By gently belaboring technique, practice, and exercises, The Ode Less Travelled steers us confidently through an art form that appears far more daunting than it is. (Hint: it’s all about rhythm.)
When we want to describe anything technical in English we tend to use Greek. […] Metre can be reserved precisely to refer to the poetic technique of organising rhythm, while words like ‘beat’ and ‘flow’ and ‘pulse’ can be freed up for less technical, more subjective and personal uses.
Many wonderful books of poetry fill my shelves—these agents of pause and civility with the help of this superlative guide, I might begin to understand them or at least appreciate the difficult work that borne them.
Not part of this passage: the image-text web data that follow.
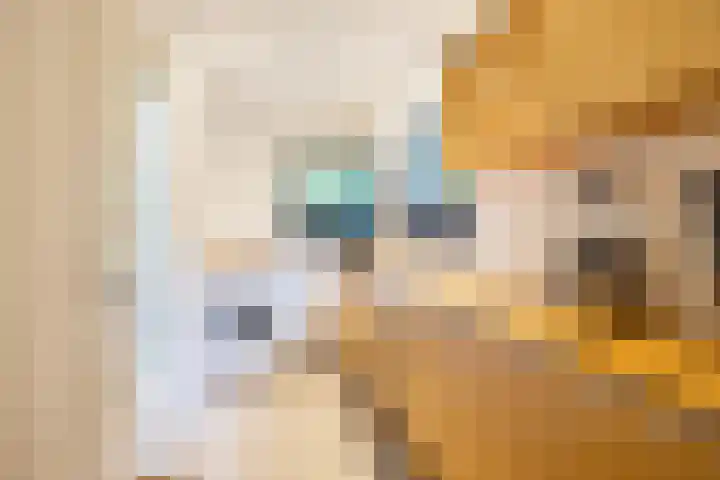 van Mentadalaan 21 Rolde thumbnail 31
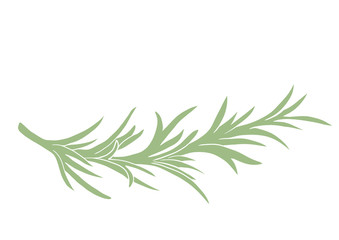 Rosemary herbal illustration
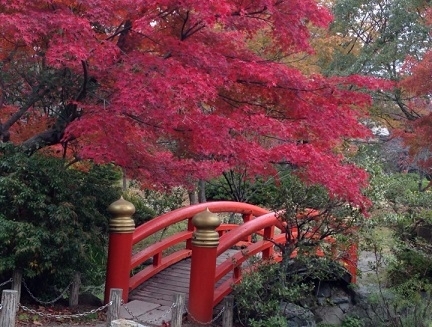 「紅葉楽しむ完歩ツアー」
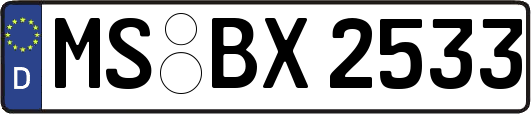 MS-BX2533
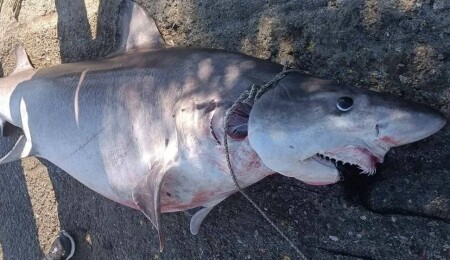 Taşkent Doğa Parkı, bu sabah öldürülen köpek balığının insanlar için zararsız olduğunu açıkladı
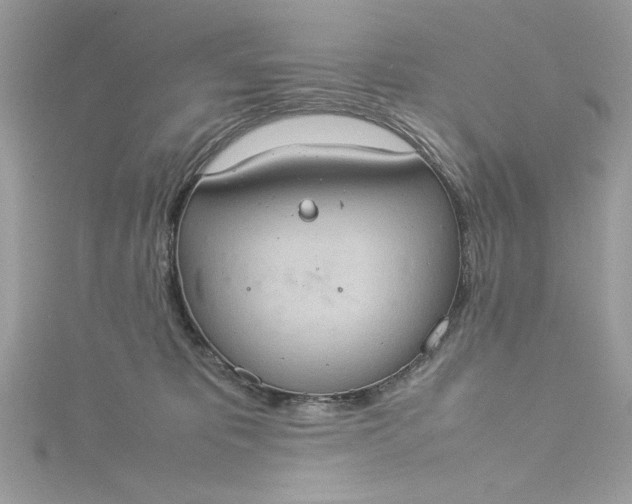 X0000115560325200911201828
Any aspiring poet or reader of poetry should own this book, read it, and underline it thoroughly. (I feel sheepish not writing any of this advice in verse.)
American poet Laureate Mark Strand wrote “A poem encourages slowness, urges us to savor each word” in his study of poetry and poetic inventions. Fry agrees, “a poem can never be read too slowly.”
We have come to the end of our chapter on metrical modes. It is by no means complete. If you were (heaven forbid) to go no further with my book, I believe you would already be a much stronger and more confident poet for having read thus far.
In his memoir, The Fry Chronicles: An Autobiography, Fry says he is a born teacher. I would agree: his gift is duelling vulnerability and strength, intelligence and innocence, elitism and qualities of every-man.
I believe poetry is a primal impulse within us all. I believe we are all capable of it and furthermore that a small, often ignored corner of us positively yearns to try it. I believe our poetic impulse is blocked by the false belief that poetry might, on the one hand, be academic and technical and on the other formless and random.
Read Fry’s lovely Ode Less Travelled to help understand how the originality of the confessional poetry of Robert Lowell can be seen in contemporary verse of Rupi Kaur and Ocean Vuong, or how the immense longing and pain in Rimbaud’s “A Season in Hell” might be connected to the pulsing originality of Beat poet Allen Ginsberg. It’s all about rhythm.1
Poetry can comfort as well as discomfort. About how many things can we say that? Fry tips the balance towards comfort by extending understanding.